What needs to be done - From the first line to the last, return the data exactly, with no pictures.

Supplied data -
- Opening Delimiter -

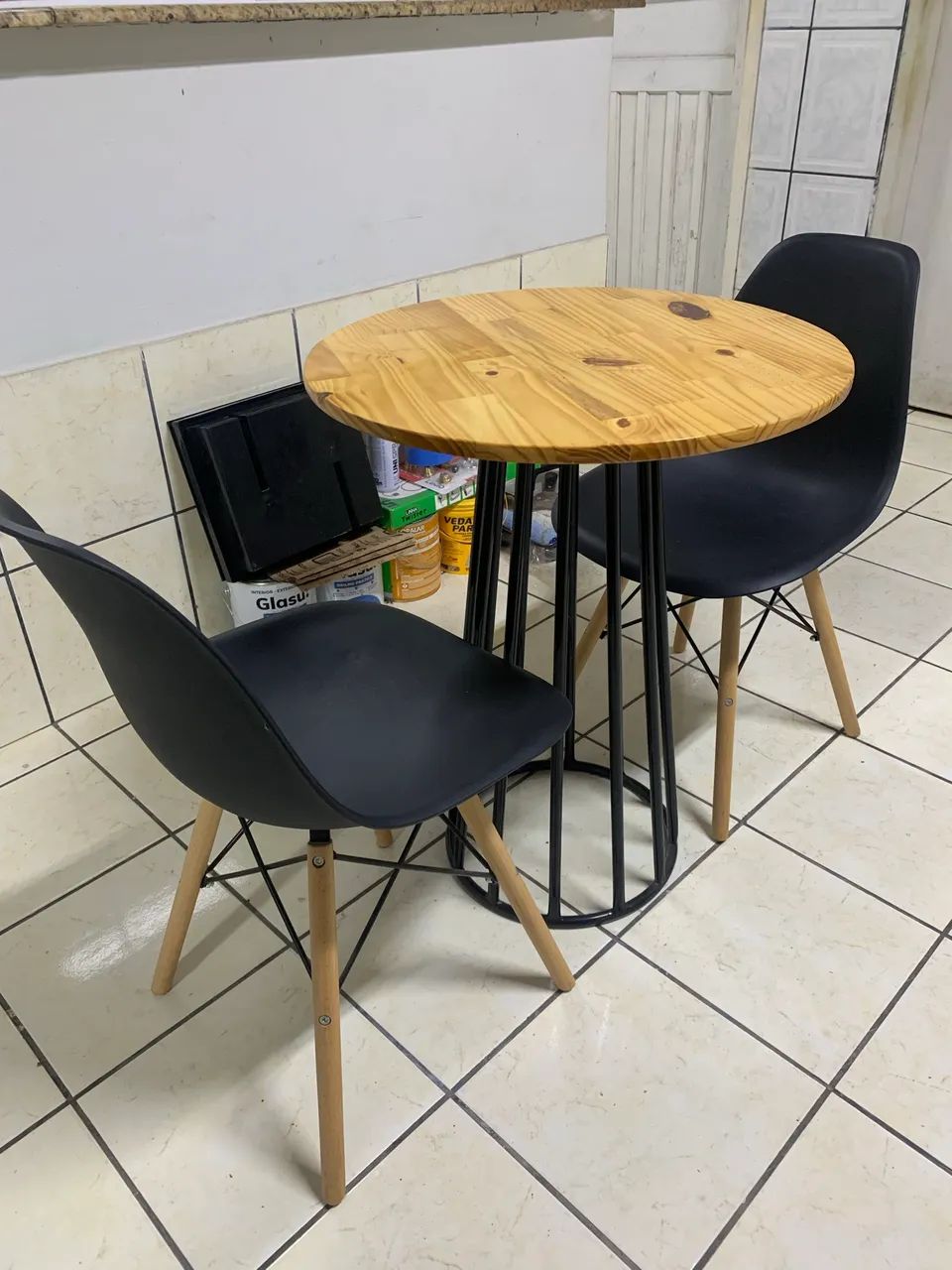 Conjunto de Mesa Bistrô + 2 Cadeiras Pretas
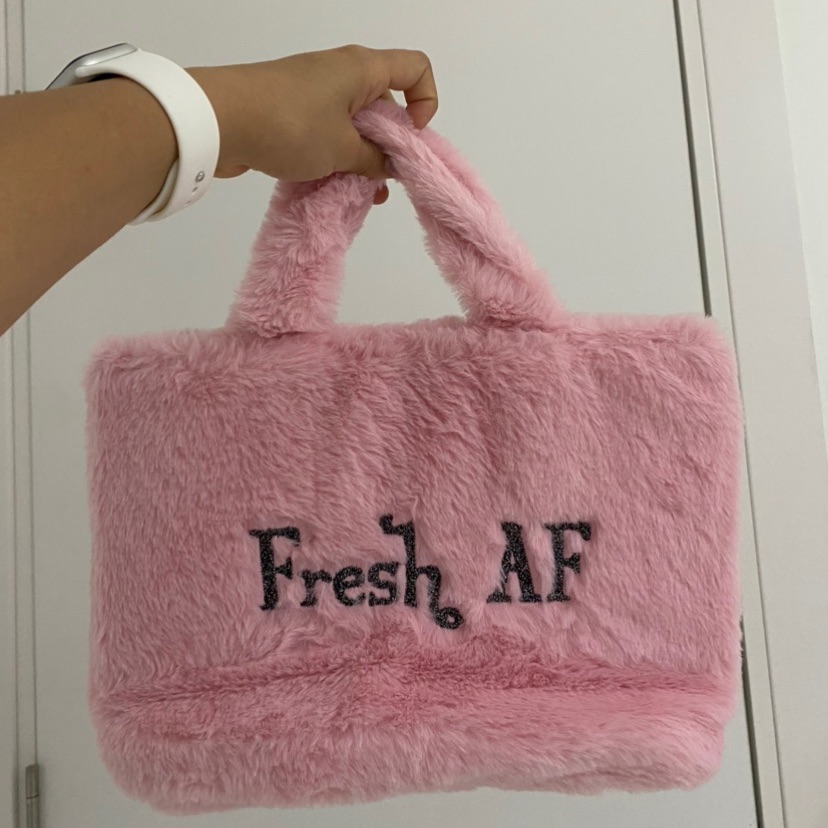 תיק פרווה ורוד מושלם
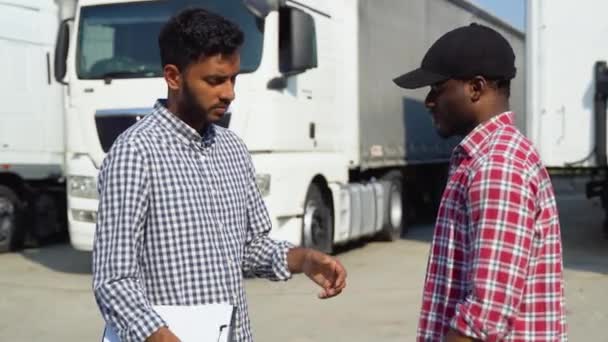 Indischer Manager Und Afrikanischer Trucker Geben Sich Lkw Die Hand — Stockvideo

- Closing Delimiter -

Response below -
 Conjunto de Mesa Bistrô + 2 Cadeiras Pretas
 תיק פרווה ורוד מושלם
 Indischer Manager Und Afrikanischer Trucker Geben Sich Lkw Die Hand — Stockvideo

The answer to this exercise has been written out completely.